# CRNN-based Voice Activity Detection (VAD) — Training Notebook

**EN**: This notebook mirrors `vad_train_crnn.py` with clear, sectioned explanations and bilingual comments.  
**KO**: 이 노트북은 `vad_train_crnn.py`의 내용을 섹션별 설명과 한/영 주석으로 정리한 버전입니다.

## 0. Environment / Imports

**EN**: Core libraries for audio I/O, feature extraction, PyTorch model training, and utilities.  
**KO**: 오디오 입출력, 특징 추출, PyTorch 학습 및 각종 유틸리티 임포트.

In [None]:
import os, math, time, json, random
from pathlib import Path
from typing import List, Tuple, Optional

import numpy as np
import torch
import torch.nn as nn
import torch.nn.functional as F
from torch.utils.data import Dataset, DataLoader

import soundfile as sf
import librosa

print(f'[info] torch={torch.__version__} cuda={torch.cuda.is_available()}')

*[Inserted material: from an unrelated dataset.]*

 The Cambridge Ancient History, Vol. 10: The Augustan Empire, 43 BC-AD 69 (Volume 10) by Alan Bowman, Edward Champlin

## 1. Reproducibility Utility

**EN**: Sets seeds and toggles CuDNN flags for stable, fast training.  
**KO**: 시드 고정 및 CuDNN 설정으로 재현성과 속도를 확보합니다.

In [None]:
def set_seed(seed: int = 1337):
    random.seed(seed)
    np.random.seed(seed)
    torch.manual_seed(seed)
    torch.cuda.manual_seed_all(seed)
    torch.backends.cudnn.deterministic = False  # allow TF32
    torch.backends.cudnn.benchmark = True

## 2. Audio Utilities

**EN**: Load mono audio and compute log-mel spectrograms.  
**KO**: 모노 오디오 로드 및 로그-멜 스펙트로그램 계산 함수입니다.

In [None]:
def load_audio(path: Path, target_sr: int) -> np.ndarray:
    wav, sr = sf.read(str(path), dtype="float32", always_2d=False)
    if wav.ndim > 1:
        wav = np.mean(wav, axis=1)
    if sr != target_sr:
        wav = librosa.resample(wav, orig_sr=sr, target_sr=target_sr)
    return wav

def to_logmel(
    wav: np.ndarray,
    sr: int,
    n_fft: int = 1024,
    hop_length: int = 160,
    win_length: int = 400,
    n_mels: int = 64,
    fmin: int = 50,
    fmax: Optional[int] = None,
    eps: float = 1e-10,
) -> np.ndarray:
    spec = np.abs(librosa.stft(wav, n_fft=n_fft, hop_length=hop_length, win_length=win_length)) ** 2
    mel = librosa.filters.mel(sr=sr, n_fft=n_fft, n_mels=n_mels, fmin=fmin, fmax=fmax or sr//2)
    mel_spec = np.dot(mel, spec)
    logmel = np.log(mel_spec + eps)
    return logmel.T  # (time, n_mels)

## 3. Dataset: Frame-level Labels

**EN**: Reads pairs of `(wav_path, label_npy_path)` and returns `(T,F)` log-mel features with frame-level labels `(T,)`.  
**KO**: `(오디오, 라벨)` 쌍을 읽고 `(T,F)` 로그멜과 `(T,)` 프레임 단위 라벨을 반환합니다.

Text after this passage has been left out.